Update, 11/16: “For writers Steve Coogan and Jeff Pope,” writes Jesse Cataldo at Slant, “adapting Martin Sixsmith’s The Lost Child of Philomena Lee seems like an occasion to tweak familiar formulas, as they exhibit a compulsive need to distance themselves from the story’s intrinsic sentimentality. For director Stephen Frears, it’s a chance to play up that same sentimentality, underscoring emotional moments with excessive bathetic flourishes. Working at cross purposes, these two sides make for a fractious movie whose internal conflicts mirror those experienced by its odd-couple leads.”
Updates, 11/20: “Intelligence ebbs and flows in Dench’s eyes, depending on how clever Philomena chooses to be in a given situation,” notes Inkoo Kang in the Voice. “Needless to say, the grande dame’s performance, alternately goofy and grave, is an absolute tour de force.”
“Even in sympathetic roles,” writes Mary Corliss in Time, “Dench has been a figure of efficiency and common sense. Warmth has seemed out of her range. Yet warmth under pressure is Dench’s gift to her character in Stephen Frears’ funny, angry Philomena.”
Throw in Coogan, and you’ve got “a tonic to all the Oscar-season showboating,” writes Joshua Rothkopf in Time Out New York. “Call it Best Duo.”
Coogan and Philomena Lee herself are guests on the Leonard Lopate Show.
Updates, 11/22: “Perhaps unavoidably, the film takes a turn for the serious and angry,” writes the Dissolve‘s Keith Phipps. “A few contrived scenes toward the end feel like betrayals of the easy rhythms the film has established.
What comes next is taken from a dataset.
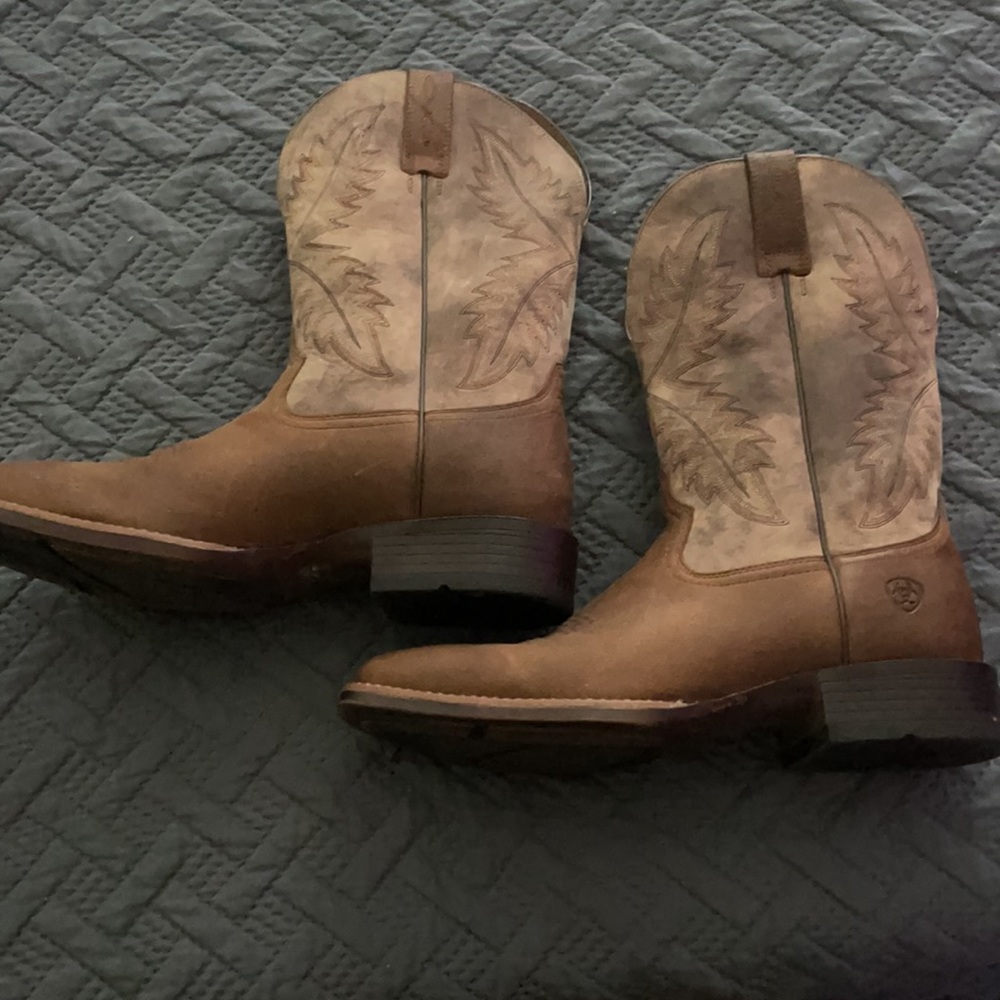 Boots - Picture 3 of 6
It never isn’t a happy story, but what makes it effective isn’t the facts of the case, so much as the way Philomena lets viewers spend time with its characters and get to know exactly who’s getting hurt. It arrives at an inevitable destination, but the journey is what makes it moving.”
At RogerEbert.com, Susan Wloszczyna notes that Martin and Philomena’s “contrasting reactions to what they uncover allow Frears to condemn the Catholic Church for sanctioning such a cruel racket while upholding the importance of such core religious values as forgiveness and understanding.”
Update, 12/15: Matthew Garrahan lunches with Coogan for the Financial Times.